After matching to ISIP and post shut-in data, you can modify the wellbore friction to match WHP. This is a bit of a cosmetic change, because changing wellbore friction doesn’t impact the fracture propagation and proppant placement of the simulation (unless it reaches your specified ‘maximum injection wellhead pressure’). So, because detailed matching of WHP during injection isn’t that useful as a model calibration step, I recommend doing the match only loosely and focusing your efforts on other more important things.
Wellbore friction is fairly uncertain. Classical pipe friction calculations are valid for Newtonian fluids, like water. In practice, we use non-Newtonian fluids such as slickwater, which have much lower wellbore friction. We do not have detailed correlations for these fluids (which are dependent on the specific formulation of the chemicals being pumped, and the water salinity). Instead, ResFrac provides a ‘wellbore friction adjustment factor’ that is multiplied by the wellbore friction calculated from a classical pipe friction calculation. This value defaults to 0.19, representing an 81% reduction in friction relative to a Newtonian fluid. This parameter may need to be adjusted to match a particular fluid.
ResFrac also uses a friction adjustment factor that accounts for the proppant concentration. Non-Newtonian pipe flow of proppant slurry is complex, and so this adjustment factor cannot be considered high precision. The code has a special “Wellbore proppant friction adjustment factor” that tunes that correlation up or down. It defaults to 1.0, to use the baseline correlation. But, for example, if you want to weaken the effect of proppant on friction, you could set to a number less than 1.0.
Proppant is denser than water. As proppant concentration increases in the wellbore, the overall slurry density goes up, which increases hydrostatic head. The increasing hydrostatic head tends to make WHP decrease as you inject proppant (if BHP remains constant). However, the increased friction may tend to make WHP increase as you inject proppant. The net effect could be an increase or decrease in WHP when you inject the proppant.
In ‘Pressure-Based Diagnostics for Evaluating Treatment Confinement’ by Cramer and Zhang (in press), they used a downhole pressure gauge during fracturing, and found that the vendor’s BHP calculations were inaccurate by as much as 800 psi. This finding underscores why we focus more effort on matching ISIP and post shut-in pressure data.
At very early time, you may see anomalously high WHP in real data. This happens because the near-wellbore tortuosity can be very high initially, before the fracture fully forms. There is a way to model erosion of NW tortuosity in ResFrac, but really, I recommend not bothering. It is early time, and doesn’t impact the main job, so it’s cosmetic to try to match it.
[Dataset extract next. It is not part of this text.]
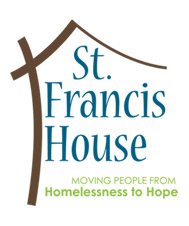 St Francis House - social services organization in Gainesville, FL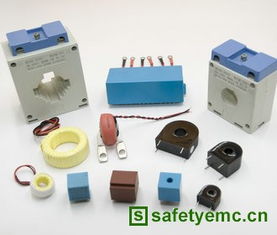 电流互感器厂家与文具用品 跨界应用的比较分析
Perforation pressure drop also affects WHP during injection. But most of the time, this is not the best parameter to vary to match WHP during injection. It is a coarse tool to try to match WHP, and it is less uncertain than wellbore friction. Initial perforation pressure drop is relatively well constrained, although there is some uncertainty about whether the perfs have exactly the same diameter as designed. Perforation erosion is a greater source of uncertainty. But to constrain perf erosion, you would ideally use downhole imaging before and after the frac job (and in a perfect world, you would also have fiber in the injection well to observe flow distribution). For a great case study how to use downhole imaging to measure perf erosion, I recommend the Cramer et al. (2019) paper “Integrating DAS, Treatment Pressure Analysis and Video-Based Perforation Imaging to Evaluate Limited Entry Treatment Effectiveness.”